Magnetic field invisibility discovered by Barcelona-based researchers, a first step towards the invisibility of light

Barcelona (ACN).- Imagine a metal object through which magnetic fields can go without any visible alteration, and thus without being detected. Researchers from the Universitat Autònoma de Barcelona (UAB, Barcelona’s Autonomous University) have developed a metal cylinder that is invisible to magnetic fields. Furthermore, any object placed inside also becomes invisible. This research, carried out with the collaboration of a team from the Science Academy of Slovakia, was published on Saturday in the prestigious journal ‘Science’. No one had ever achieved such results in such a simple manner, with much precision in the theoretical calculations and conclusive results in the laboratory. They believe this discovery is the first step towards reaching light’s invisibility, a goal on so many occasions characterised in science-fiction books, but a goal that now seems much more achievable. “Until 10 years ago, invisibility was a science-fiction idea, but in the last decade it has started to become part of science, and our research is a step in the right direction to achieving it”, stated the Physics Professor at the UAB who headed the study, Àlvar Sánchez. Besides the high value significance of this study from a theoretical base, the discovery can also have many practical implementations. For instance heart pacemakers could be built based on this new knowledge so they are not affected by magnetic fields, such as in airport metal detectors.

Magnetic fields are absolutely essential for the production of electric power, since 99% of the energy consumed is generated thanks to these magnetic fields inside power plant turbines. Furthermore, they are essential for the design of any type of mechanical engines, as well as in computer memories or in mobile telephones. Therefore, knowing how to better control magnetic fields is an important scientific milestone for technological development. How to eliminate magnetic fields in given spaces was a scientific and technological challenge. The UAB study opens up this possibility.

How does it go?

The cylinder has been developed with superconductors and iron-magnetic materials, which can easily be found on the market. The formula to build an invisible object for magnetic fields is quite simple and easy to understand. The cylinder has two parts, an external part made out of an alloy of iron, nickel and chrome and an internal part made out of a superconductor material put at high temperature that can be easily cooled down using liquid nitrogen. The superconduction layer of the cylinder’s inside avoids the magnetic field to reach the void space. Furthermore it distorts the external field and makes the cylinder detectable. To avoid this, the iron-magnet external layer, made out of an alloy of iron, nickel and chrome, produces the opposite effect. It attracts the magnetic field line and exactly compensates the distortion created by the superconductor, but without the magnetic field reaching the cylinder’s inside.

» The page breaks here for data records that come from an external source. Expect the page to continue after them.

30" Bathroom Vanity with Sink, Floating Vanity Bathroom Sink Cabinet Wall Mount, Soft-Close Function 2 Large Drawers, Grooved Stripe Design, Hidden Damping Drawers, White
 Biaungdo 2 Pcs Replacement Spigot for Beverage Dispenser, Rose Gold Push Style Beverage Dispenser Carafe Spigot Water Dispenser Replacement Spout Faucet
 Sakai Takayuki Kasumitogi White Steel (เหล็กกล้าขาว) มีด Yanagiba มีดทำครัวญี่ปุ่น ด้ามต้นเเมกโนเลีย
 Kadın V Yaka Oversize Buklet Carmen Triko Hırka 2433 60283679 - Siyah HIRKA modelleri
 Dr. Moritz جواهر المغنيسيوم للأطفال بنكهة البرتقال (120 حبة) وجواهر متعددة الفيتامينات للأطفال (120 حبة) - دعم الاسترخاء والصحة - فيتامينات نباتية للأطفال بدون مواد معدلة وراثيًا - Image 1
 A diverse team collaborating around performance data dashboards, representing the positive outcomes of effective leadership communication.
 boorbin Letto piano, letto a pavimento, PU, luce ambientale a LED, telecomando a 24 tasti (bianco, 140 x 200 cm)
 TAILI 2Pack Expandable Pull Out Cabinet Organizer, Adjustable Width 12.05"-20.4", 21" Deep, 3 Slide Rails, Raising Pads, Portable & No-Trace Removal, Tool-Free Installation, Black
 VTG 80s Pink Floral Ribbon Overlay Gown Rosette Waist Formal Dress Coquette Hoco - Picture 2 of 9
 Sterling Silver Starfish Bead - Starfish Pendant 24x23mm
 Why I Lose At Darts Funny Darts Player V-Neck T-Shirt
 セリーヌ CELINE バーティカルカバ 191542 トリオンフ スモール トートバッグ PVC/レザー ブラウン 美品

The effect is a magnetic field absolutely null in the inside and without absolutely any distortions in the external magnetic field.

The original equation was found in Catalonia

The Catalan researchers are headed by Professor Àlvar Sánchez, from the Electromagnetic Unit of UAB Physics Department. They found the mathematical formula to design the device: a cylinder described by an extraordinarily simple equation that would theoretically allow the device to be absolutely undetectable by magnetic fields. Furthermore, this cylinder would make any object put inside undetectable. With this equation, UAB scientists contacted a lab specialised in the precise measurement of magnetic fields to build the device. It was the Electric Engineering Institute of the Science Academy of Slovakia, in Bratislava.

In only some months, the experimental results have been absolutely convincing. The cylinder is completely invisible to magnetic fields, it turns any object put inside invisible and completely isolates this object from external fields.

The research study, published in ‘Science’ on Saturday March 24^th, was developed by the UAB’s Àlvar Sánchez, Carles Navau and Jordi Prat. The Slovak team was Fedor Gömöry, Mykola Solovyov and Ján Souc.